By Dotty Griffith
Public Education Director
A story in today’s Houston Chronicle raises questions about whether Houston police acted to prevent a by-stander from using a cell phone to make a video recording at the scene when Rufino Lara died after being shot by an officer.
“Transparency would be aided if the police department, as reported, had not seized the cell phone of a witness who was trying to record a video at the scene,” said ACLU of Texas Executive Director Terri Burke. “It’s a shame we can’t see the video the witness reportedly tried to make. Houston Police Chief Charles McClelland has asked for the public to withhold judgment about the shooting. The right of Texans to record police activity in a manner that does not interfere with police work is an important protection against abuses of power by the government. The behavior of some members of the local police department might be less suspect if officers showed more respect for the Constitution, and, in this instance, the First Amendment.”

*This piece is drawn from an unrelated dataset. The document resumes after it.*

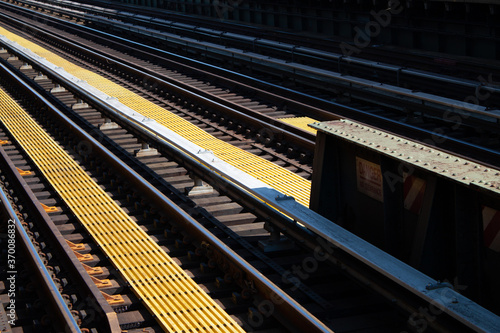 nyc metro subway track detail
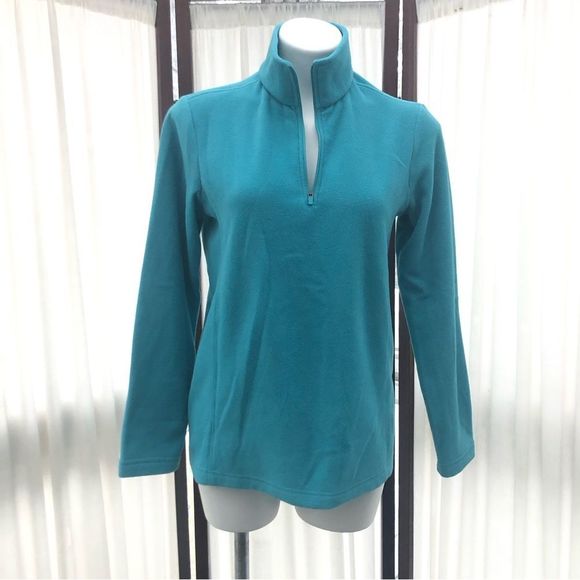 Lands End Lightweight 1/4 Zip Fleece Pullover - Picture 8 of 15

News reports about differences between police accounts and those of eyewitnesses indicate a bystander’s phone was seized by police when he tried to video the scene and that an officer told him not to record anything.
ACLU of Texas Legal Director Rebecca Robertson noted, “Taking photographs of things that are plainly visible from public spaces is a constitutional right – and that includes police and other government officials carrying out their duties. Unfortunately, there is a widespread, continuing pattern of law enforcement officers ordering people to stop taking photographs from public places.”
Victims, police and suspects can all benefit from video documentation, added Burke.